I predict Clang in 10 years will be like Google today compared to Google 10 years ago: a bloated goliath that nobody likes any more but for which there aren't any alternatives.
One problem is parsing C inevitably means parsing headers, which often means parsing system headers, and they tend to be full of non-standard C weirdness (and have new things added all the time) which in practice are often understood by clang and gcc and not a lot else.
While what you say is true, it's impact need not be so prohibitive as to box you in to clang/gcc. TinyCC/tcc [1] parses almost all C99 with a 3900 line tccpp.c and 8000 line tccgen.c.
As long as extensions are careful to stay "syntactically isolated", the complexity of parsing C need not explode.
E.g., at least on Linux where glibc headers are very gcc-tilted, the only extension tcc really needs is that __attribute__(()) stuff (maybe 1 or 2 other "just ignore this stuff" things).
While there can always be edge cases that are broken, I use tcc daily on Linux without issue. So, I would encourage people to not view C as an untamable complexity monster or be captive to prevailing implementations. { C++ is, of course, a more unfortunate story in this and so many other regards :-) }
Linux is a bit of a special case, unfortunately on other operating systems system headers must not be written in standard C or in C at all (e.g. Objective-C on macOS, or Windows SDK headers requiring Microsoft-specific extensions or even a C++ compiler).

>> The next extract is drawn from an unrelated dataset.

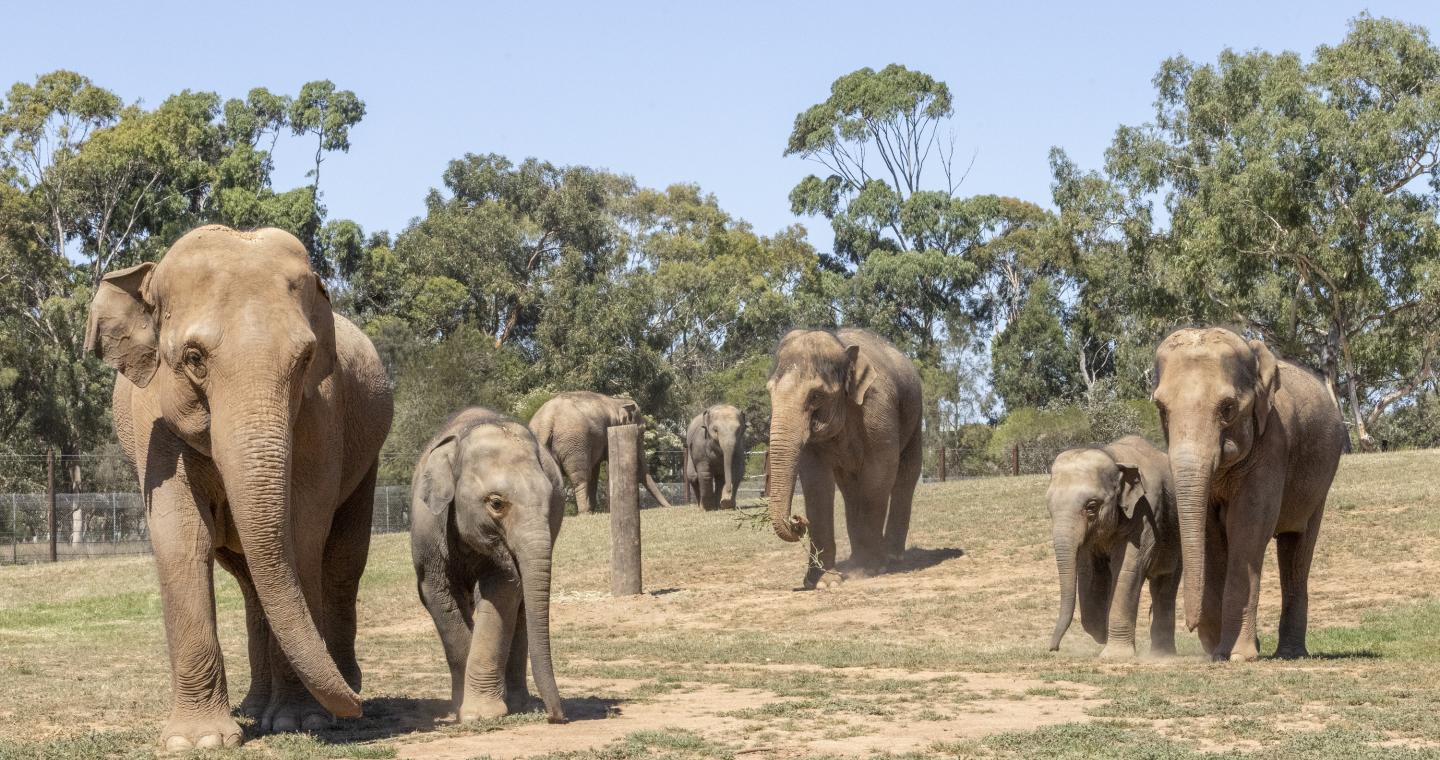 elephants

I did use TinyC/tcc successfully on Windows a few times without any header problems, but it was very admittedly a far less rigorous test and may well have not touched any headers with MS-specific extensions. I never tried it on MacOS, though it would be unsurprising if that NeXT/Mach-O derived object format were unsupported.
Anyway, the world of C extensions has mostly seemed syntactically judicious/surgical. That's more just cultural, not guaranteed by anything, but it makes me suggest (without knowing) that MS extensions would probably not be hard to support without complexity explosion. Apple, on the other hand, doing their own chips now and Swift and just generally being even more of a closed system..They seem most likely to make that hard someday if they ever think they can make more money by not supporting POSIX-like programs. :-( { EDIT - there will likely always be some demand for/a way to create C callable wrappers/headers for system services, though. So, I don't think that it's crazy to hold out hope that this will remain possible/not too bad for the foreseeable future. }
They already hardly support POSIX-like programs on iOS and watchOS.
In what concerns macOS, UNIX certification is anyway only for CLI applications and daemons like software, stuff like graphics isn't part of UNIX trademark.
Fair enough. They surely don't support tcc directly anyway. So, what I really meant was "informal hacker community support" (probably on jail broken/rooted devices when/where applicable!), not "official company support" and I didn't mean to suggest zero work would be involved..Just not a complexity explosion like C++.
I see moving away from C as fortunely, and if it wasn't for uprising of Linux based FOSS, we would be much further down that line, given how all desktop stacks were focusing on C++ during the late 90s.
Rust will have Rust/WinRT on Windows, Nim can also go down that path for example.
I don't believe so. Just incremental improvements, no breakthrough. As for HN popularity, that is often a matter of chance. If a submission gets a few early upvotes and makes it to frontpage, it snowballs from there, often regardless of anything particularly noteworthy.
Header-only is more applicable since you often only need declarations/Nim prototypes and a passL/C linkage to C libs where the C generated by Nim just calls into the C library.
But if you wanted to port C to a "pure Nim" for whatever reasons (e.g. to also work at compile-time in the Nim VM or the Javascript backend) c2nim also works and can help. It may not work so well on fancier code, e.g. using a lot of cpp macros, etc. That tends to turn up more in .c files than .h files, but the boundary is obviously somewhat arbitrary.